Every marriage operates on either the “insult for insult” or the “blessing for insult” relationship. Husbands and wives can become extremely proficient at trading insults—about the way he looks, the way she cooks, or the way he drives and the way she cleans house. Many couples don’t seem to know any other way to relate to each other.
What does it mean to return a blessing for an insult? 1 Peter 3:10-11 tells us, “Whoever desires to love life and see good days, let him keep his tongue from evil and his lips from speaking deceit; let him turn away from evil and do good; let him seek peace and pursue it.”

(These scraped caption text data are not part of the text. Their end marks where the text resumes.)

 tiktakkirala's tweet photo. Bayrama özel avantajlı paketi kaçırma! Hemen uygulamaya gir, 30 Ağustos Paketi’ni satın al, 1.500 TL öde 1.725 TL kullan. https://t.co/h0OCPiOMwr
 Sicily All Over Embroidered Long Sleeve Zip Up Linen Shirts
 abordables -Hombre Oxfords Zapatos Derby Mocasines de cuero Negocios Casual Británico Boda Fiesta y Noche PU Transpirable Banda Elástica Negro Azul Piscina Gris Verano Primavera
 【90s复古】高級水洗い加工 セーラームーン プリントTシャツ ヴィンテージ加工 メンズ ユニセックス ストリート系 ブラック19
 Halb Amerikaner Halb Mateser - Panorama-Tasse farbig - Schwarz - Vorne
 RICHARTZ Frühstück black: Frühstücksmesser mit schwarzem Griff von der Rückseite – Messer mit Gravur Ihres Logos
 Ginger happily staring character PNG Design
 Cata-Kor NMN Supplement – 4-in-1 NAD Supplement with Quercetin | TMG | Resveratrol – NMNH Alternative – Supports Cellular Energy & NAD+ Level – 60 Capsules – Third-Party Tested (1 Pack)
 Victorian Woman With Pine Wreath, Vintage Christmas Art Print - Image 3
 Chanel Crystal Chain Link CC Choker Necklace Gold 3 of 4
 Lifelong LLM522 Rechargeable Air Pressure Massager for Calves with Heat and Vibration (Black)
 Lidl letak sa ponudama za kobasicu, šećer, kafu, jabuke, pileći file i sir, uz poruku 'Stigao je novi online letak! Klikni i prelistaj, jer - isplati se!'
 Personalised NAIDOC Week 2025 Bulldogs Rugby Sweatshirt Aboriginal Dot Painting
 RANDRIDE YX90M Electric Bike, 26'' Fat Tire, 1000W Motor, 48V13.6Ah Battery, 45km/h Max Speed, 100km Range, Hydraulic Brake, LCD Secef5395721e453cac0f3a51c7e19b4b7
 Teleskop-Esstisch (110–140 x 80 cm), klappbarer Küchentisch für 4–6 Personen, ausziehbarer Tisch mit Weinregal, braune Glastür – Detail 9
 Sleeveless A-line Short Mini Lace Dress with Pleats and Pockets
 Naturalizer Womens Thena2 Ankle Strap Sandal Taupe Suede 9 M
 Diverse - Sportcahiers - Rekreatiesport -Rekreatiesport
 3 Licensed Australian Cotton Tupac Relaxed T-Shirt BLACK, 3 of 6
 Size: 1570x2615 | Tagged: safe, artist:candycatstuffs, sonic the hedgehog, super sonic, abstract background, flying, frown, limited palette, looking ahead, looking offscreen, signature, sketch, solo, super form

To give a blessing first means stepping aside or simply refusing to retaliate if your spouse gets angry. Changing your natural tendency to lash out, fight back, or tell your spouse off is just about as easy as changing the course of the Mississippi River. You can’t do it without God’s help, without yielding to the power of the Holy Spirit.
It also means doing good. Sometimes doing good simply takes a few words spoken gently and kindly, or perhaps a touch, a hug, or a pat on the shoulder. It might mean making a special effort to please your spouse by performing a special act of kindness.
Finally, being a blessing means pursuing peace. When you eagerly seek to forgive, you are pursuing oneness, not isolation.
As difficult as it is to work through conflict in marriage, we can claim God’s promises as we do so. Not only does God bless our efforts based on His Word, but He also tells us He has an ultimate purpose for our trials. 1 Peter 1:6-7 tells us,
In this you rejoice, though now for a little while, if necessary, you have been grieved by various trials, so that the tested genuineness of your faith—more precious than gold that perishes though it is tested by fire—may be found to result I praise and glory and honor at the revelation of Jesus Christ.”
God’s purpose in our conflicts is to test our faith, to produce endurance, to refine us, and to bring glory to Himself. This is the hope He gives us—that we can actually approach our conflicts as an opportunity to strengthen our faith and to glorify God.